Banks continue to tweak interest rates to entice customers towards variable rate loans, with Commonwealth Bank hiking its fixed rate interest loans for the third time in six weeks and Westpac slashing rates on variable finance.
CommBank’s changes included hikes of owner-occupier fixed rates ranging between 0.15 per cent to 0.3 per cent, while investor fixed rates were increased by up to 0.6 per cent, depending on the length of the term.
Those moves followed CommBank raising fixed rates on October 15 and November 5.
RateCity.com.au research director Sally Tindall said CommBank’s rate hikes were designed to offset funding pressures that have escalated in recent weeks.
“Customers waiting in CBA’s queue to have their loan approved who didn’t lock in their rate will be cursing themselves this morning, particularly as CBA has one of the cheapest rate lock fees available,” Ms Tindall said.
“It’s raining rate hikes and the storm is nowhere near over.
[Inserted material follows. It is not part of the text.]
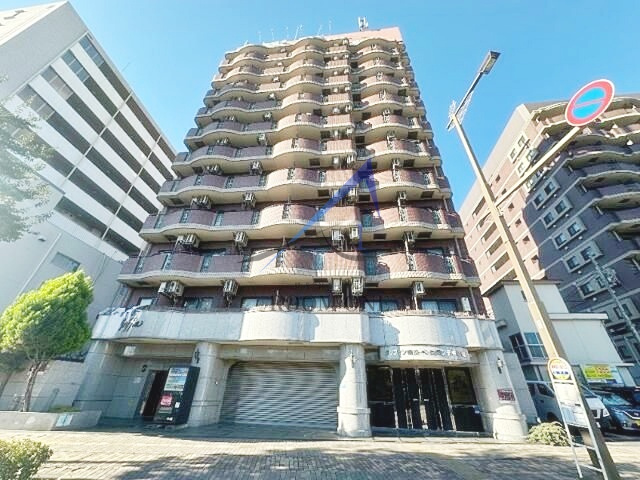 グリフィン横浜・ベイグランデ壱番館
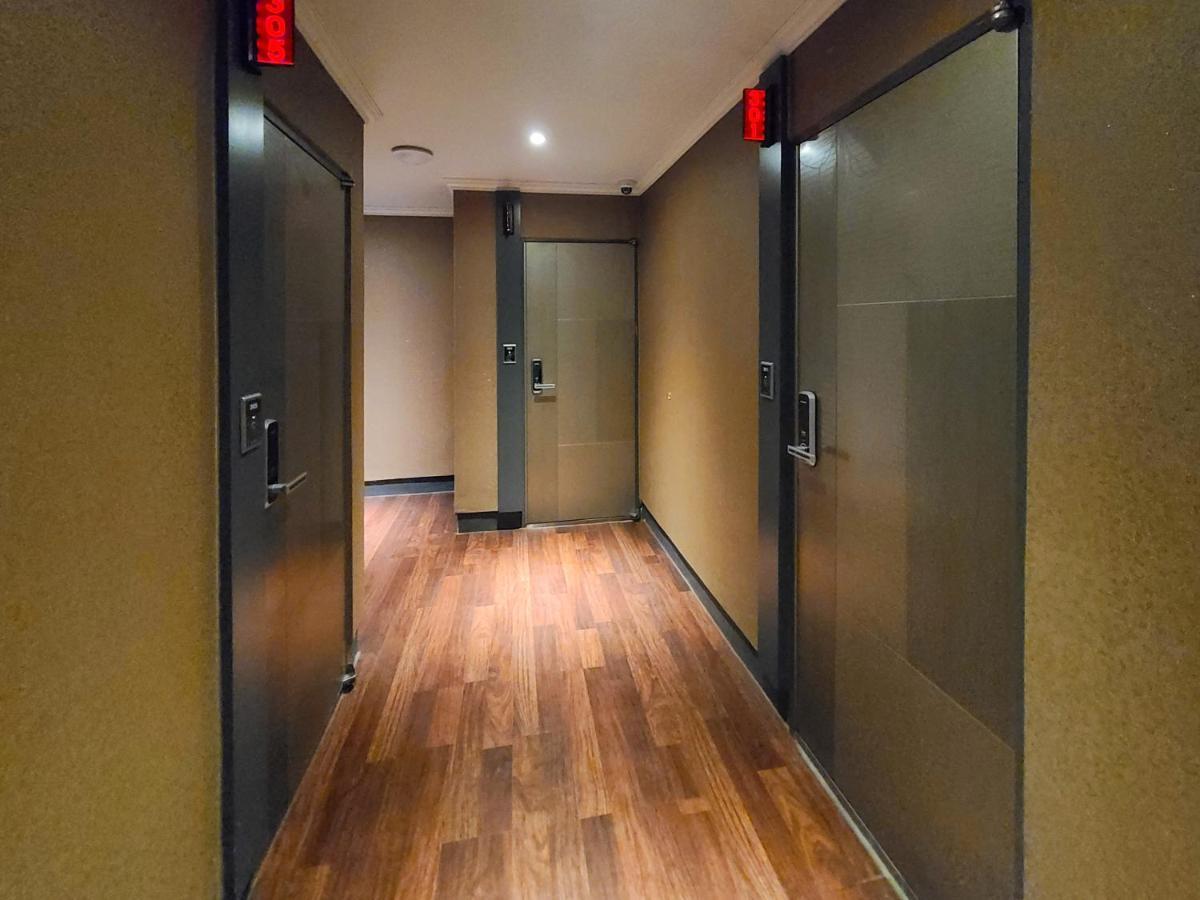 Hotel Mini Pusan Zewnętrze zdjęcie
The flood of fixed rate hikes is likely to keep going as the cost of fixed-term funding continues to rise.”
RateCity research showed there were 161 fixed rate loans under 2 per cent six months ago, compared to just 87 available today.
“NAB is the only big four bank with a rate starting with a ‘1’ – its 1-year fixed rate – however this is likely to rise in the next round of the bank’s rate hikes,” Ms Tindall said.
“While there are still a decent range of short-term fixed rates under 2 per cent, there are now just three 3-year fixed rates under this mark and no 4- or 5- year rates starting with a ‘1’.
“Surprisingly, Greater Bank is still offering the lowest fixed rate in our records at 1.59 per cent for up to two years, however, this record-low rate is unlikely to see the year out.”
Westpac also hiked its fixed rates this week, while also cutting variable rates, joining 39 other lenders who have slashed variable rates in the past four weeks.
Canstar general manager of research and insights, Mitch Watson, said competition on variable interest rates was starting to ramp up.
“Those who held off fixing before fixed rates started rising recently may be kicking themselves now but there’s still an opportunity to make the most of it by chasing lower variable rates and using the flexibility of a variable rate to get ahead on repayments,” Mr Watson said.
“The variable rate cut from Westpac follows similar variable rate movements from NAB, ANZ and 38 other lenders and points to further competition amongst lenders on variable rates.
“Variable home loans have traditionally been Australians’ preferred loans with increased flexibility to make repayments and access offset accounts.
“The lower an interest rate an Australian borrower can access now creates a buffer against future increases on interest rates.”